American companies are pushing into Europe this year to borrow at lower costs, putting less weight on the U.S. credit market.
That’s based on reporting from Bloomberg, which shows a wave of euro-denominated bond deals from big U.S. names as they take advantage of lower interest rates across the Atlantic.
This week, Verizon Communications Inc. sold €2 billion (or $2.31 billion) worth of debt in Europe, its first bond deal there since early 2024. That followed July transactions by FedEx Corp. and PepsiCo Inc., which both returned to the euro market for the first time since 2021.
These aren’t isolated. As of now, U.S. companies have raised €116.3 billion (roughly $134 billion) in Europe. That’s just €4.4 billion short of a full-year record, with five months still left in 2025.
Some firms, like FedEx and PepsiCo, are refinancing maturing euro bonds. But overall issuance is higher because of one thing: the European Central Bank is already cutting rates, while the Federal Reserve hasn’t lowered a single one since December.
“From an issuer’s point of view, it’s less expensive to borrow in euros,” said Gordon Shannon, portfolio manager at TwentyFour Asset Management.
The interest rate outlook in the U.S. has turned blurry. Job growth slowed sharply over the last three months, and the unemployment rate climbed, giving the Fed more space to start easing. U.S. Treasury yields dropped slightly after the labor data came out Friday, but they’re still near early July levels. That’s not enough of a dip to change the fact: Europe remains the cheaper place to borrow. For companies that hedge currency risk, this cost advantage might narrow soon, but right now, the savings are real.
Hans Mikkelsen, U.S. credit strategist at TD Securities, said the trend is likely to stick around. With President Trump’s White House announcing new tariffs just this week, foreign investors have another reason to avoid U.S. corporate bonds.

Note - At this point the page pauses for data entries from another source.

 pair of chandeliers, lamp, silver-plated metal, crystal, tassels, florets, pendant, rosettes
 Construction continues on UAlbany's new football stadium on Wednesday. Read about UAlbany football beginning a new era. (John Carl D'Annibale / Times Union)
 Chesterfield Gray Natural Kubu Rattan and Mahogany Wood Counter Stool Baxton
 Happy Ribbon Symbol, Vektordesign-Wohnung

“There will be less demand for U.S. corporate bonds and more demand for non-U.S. corporate bonds,” Hans said. “U.S. companies will have the same issuance needs. So they have to realize that they have to fund themselves more in other currencies.”
The shift isn’t just one-sided. In July, U.S. companies issued $9 billion of euro debt, way above the average $3 billion for the month in the past three years. At the same time, European companies only borrowed a little over $2 billion in U.S. dollars, down sharply from their usual $13 billion monthly average.

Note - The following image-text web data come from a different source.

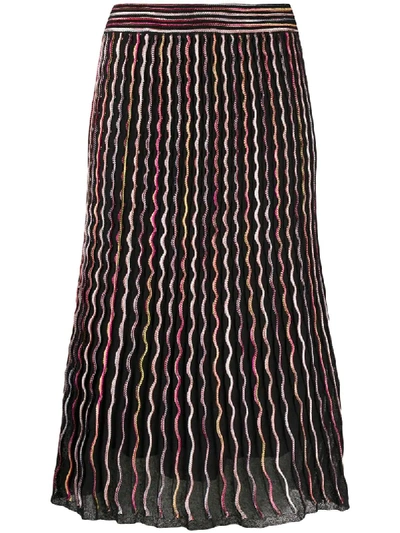 M Missoni Contrast Piped Knit Skirt In Black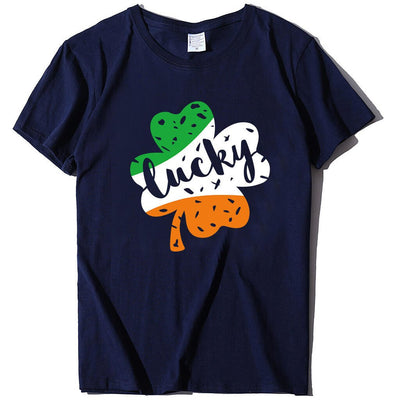 Women's St. Patrick's Day Lucky Letters Print Loose Short Sleeve Tee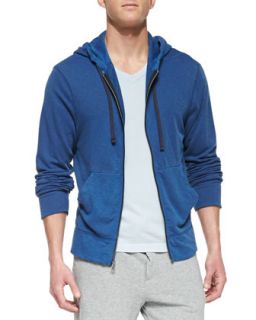 Mens French Terry Zip Hoodie, Blue   James Perse   Blue (1)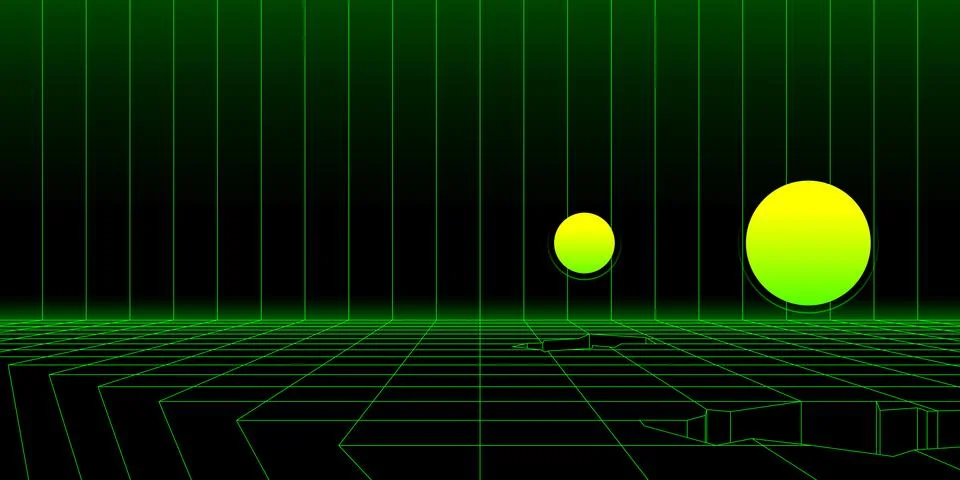 Retro Sci-Fi wireframe landscape background vector futuristic  Stock Illustration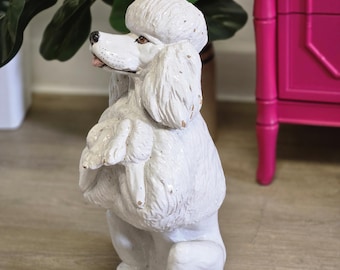 Mid Century LARGE Italian Poodle-Large Ceramic Standing White Pottery Poodle Statue Art Sculpture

That imbalance is part of why U.S. dollar bond sales missed expectations in July. Wall Street dealers had forecast $100 billion in sales. Actual volume came in closer to $81 billion, Bloomberg data shows. That miss is directly tied to the rush into Europe and the pullback from overseas borrowers in the U.S. market.

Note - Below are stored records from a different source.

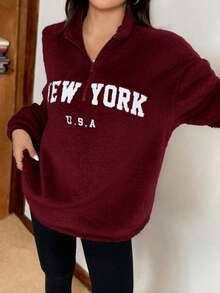 SHEIN EZwear 女款紐約字母圖案立領抓絨衛衣與緊身內搭褲套裝，酒紅色，秋季，休閒，校園，居家穿搭，黑色 - 酒紅色 - 查看 5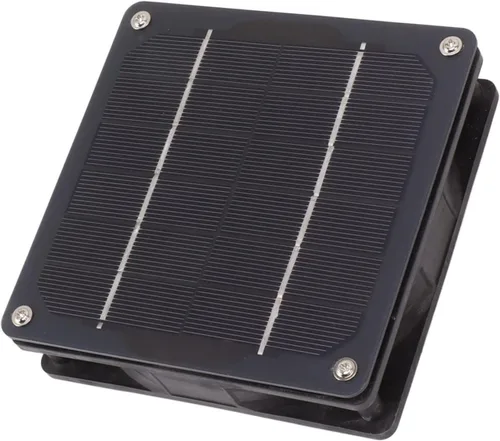 Vista 5 de Solar Powered Exhaust Fan, 5w Solar Panel Powered Fan, Energy Saving Monocrystalline Solar Panel Fan Mini Ventilator for Chicken, Ventilation Fans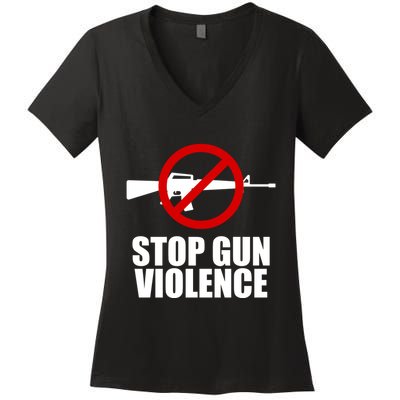 Stop Gun Violence Anti Guns Women's V-Neck T-Shirt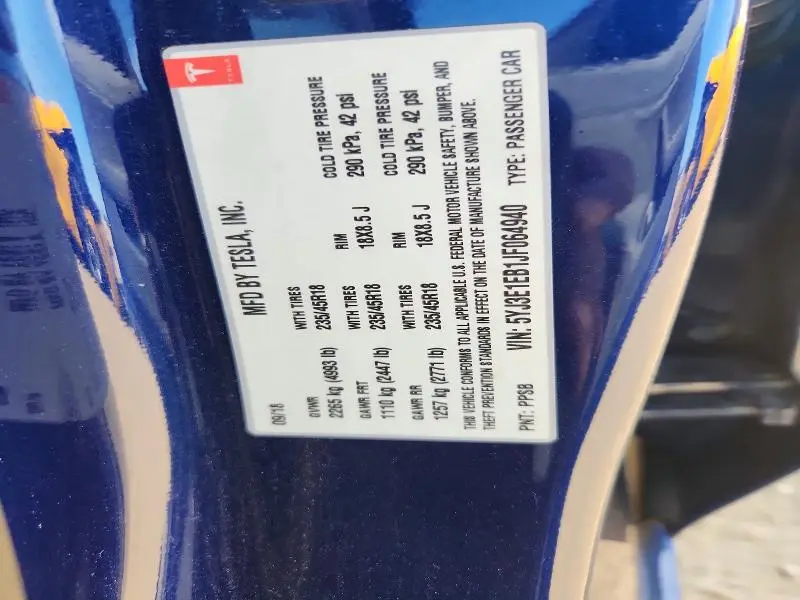 2018 TESLA MODEL 3   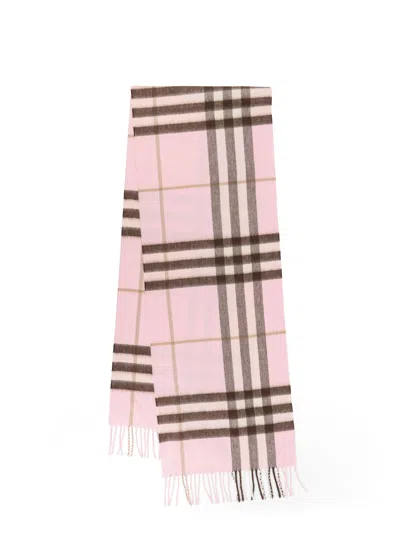 Burberry Check Cashmere Scarf In Pink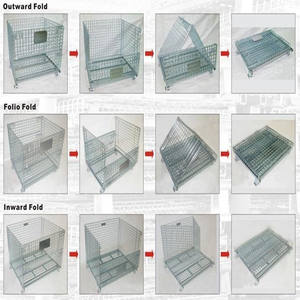 Fabrika sıcak satış çelik galvanizli istiflenebilir katlanır tel örgü depolama kafesi konteynerler - Product Image 6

Still, the shift is helping U.S. bond valuations stay strong. For much of the past week, spreads on high-grade U.S. corporate bonds were at their tightest level of 2025, just 0.76 percentage points as of Thursday. That’s despite the pressures from economic uncertainty and foreign investor fatigue.
The picture becomes clearer when looking at the overall supply. “If you take this overarching trend of net supply being down, banks issuing less because of regulatory reform expectations as was the case this past quarter and more U.S. companies are issuing in Europe, all that does is further reinforce the positive technicals in the U.S. market,” said John Servidea, global co-head of investment-grade finance at JPMorgan Chase & Co.
So far, every factor, from rate policy to global tariffs, is pushing American companies to turn to Europe for cheaper funding. Whether they’re refinancing old debt or meeting new funding needs, the euro bond market is where the money is right now.